> DATA PROVIDED:

+ + +

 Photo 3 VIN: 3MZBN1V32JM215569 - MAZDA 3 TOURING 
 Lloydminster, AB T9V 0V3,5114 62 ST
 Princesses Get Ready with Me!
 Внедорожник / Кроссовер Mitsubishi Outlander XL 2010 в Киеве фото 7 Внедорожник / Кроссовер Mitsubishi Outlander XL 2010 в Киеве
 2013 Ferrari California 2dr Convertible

+ + +

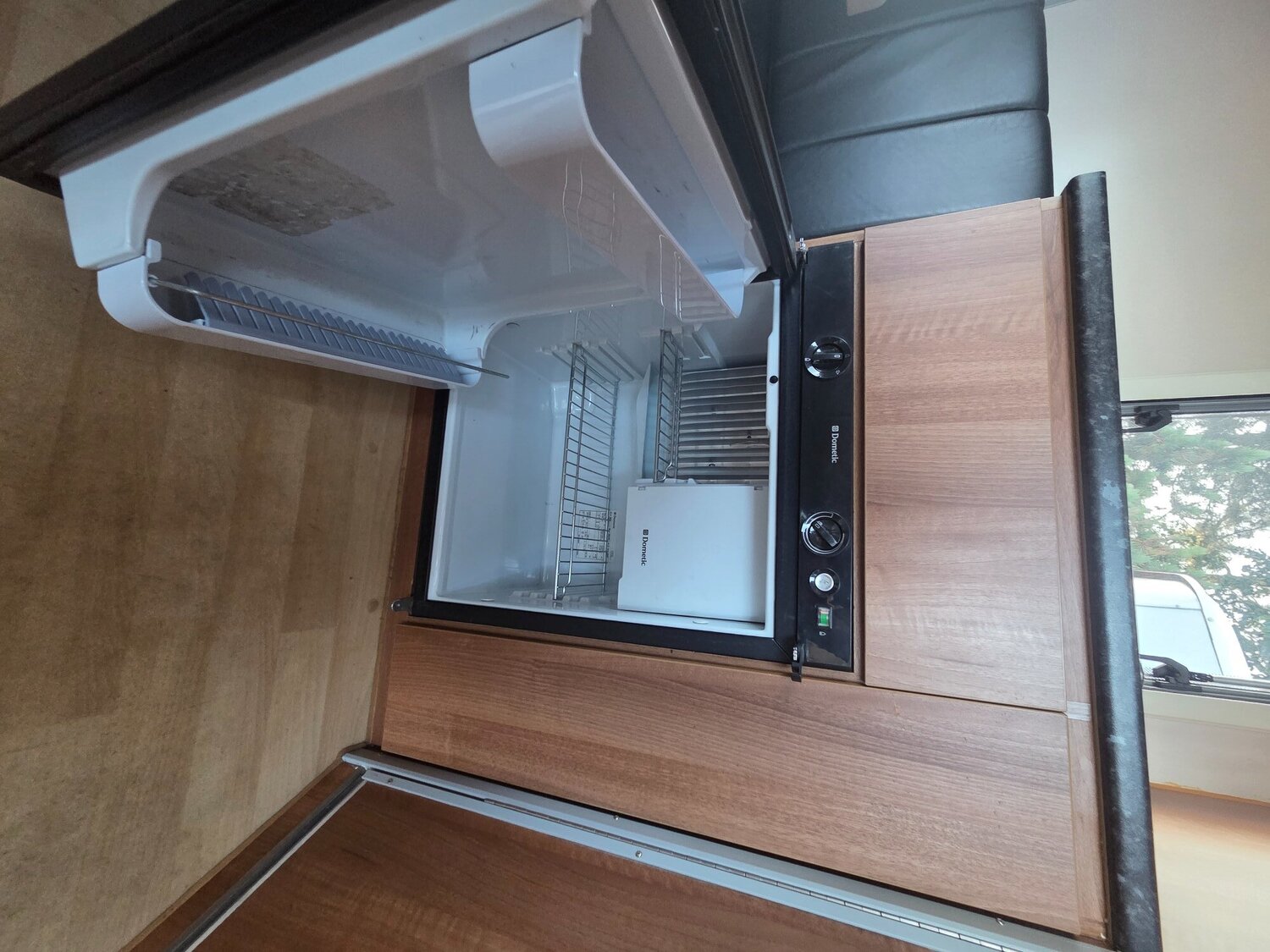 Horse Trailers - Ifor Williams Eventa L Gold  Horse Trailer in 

+ + +

> WORK ITEM: Could you transcribe the entries above word for word, from the line with "Photo 3 VIN: 3MZBN1V32JM215569" down to the line with "2013 Ferrari California 2dr Convertible", keeping both?

> OUTPUT FOR THIS TASK:
 Photo 3 VIN: 3MZBN1V32JM215569 - MAZDA 3 TOURING 
 Lloydminster, AB T9V 0V3,5114 62 ST
 Princesses Get Ready with Me!
 Внедорожник / Кроссовер Mitsubishi Outlander XL 2010 в Киеве фото 7 Внедорожник / Кроссовер Mitsubishi Outlander XL 2010 в Киеве
 2013 Ferrari California 2dr Convertible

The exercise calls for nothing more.